TASK TO COMPLETE — Return the data below unchanged. Drop any pictures.

DATA EXTRACT —
——————

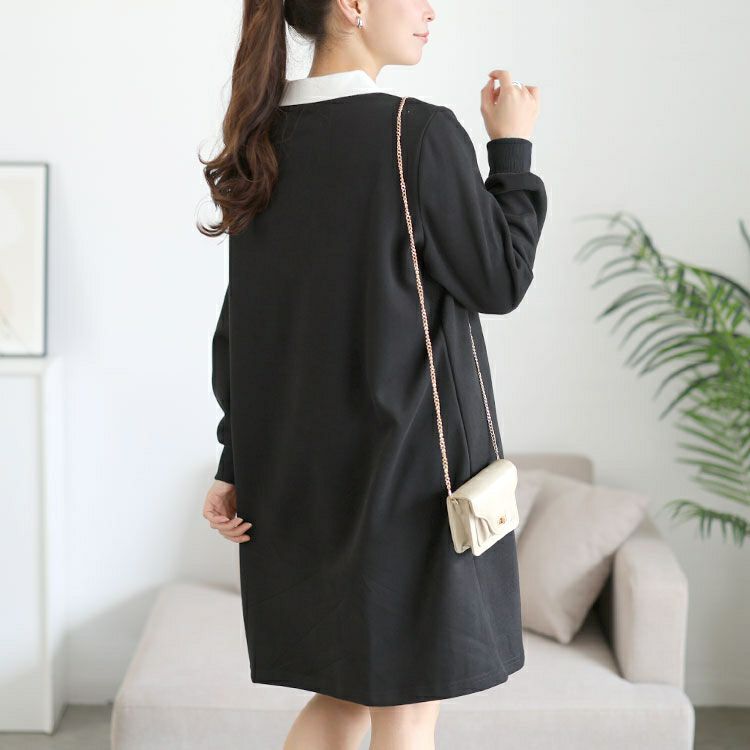 大きいサイズ レディース アーガイル柄レイヤード風ワンピース　goldy-1745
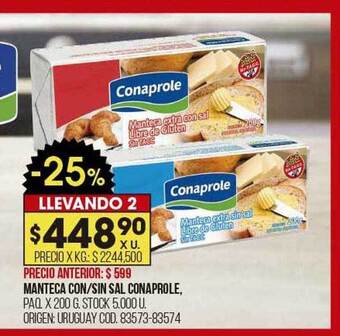Coto Manteca con sin sal conaprole oferta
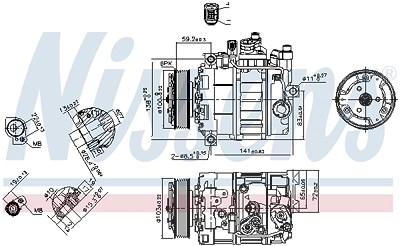 Nissens Kompressor, Klimaanlage [Hersteller-Nr. 89052] für Audi, Seat von NISSENS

——————

RESPONSE —
 大きいサイズ レディース アーガイル柄レイヤード風ワンピース　goldy-1745
Coto Manteca con sin sal conaprole oferta
 Nissens Kompressor, Klimaanlage [Hersteller-Nr. 89052] für Audi, Seat von NISSENS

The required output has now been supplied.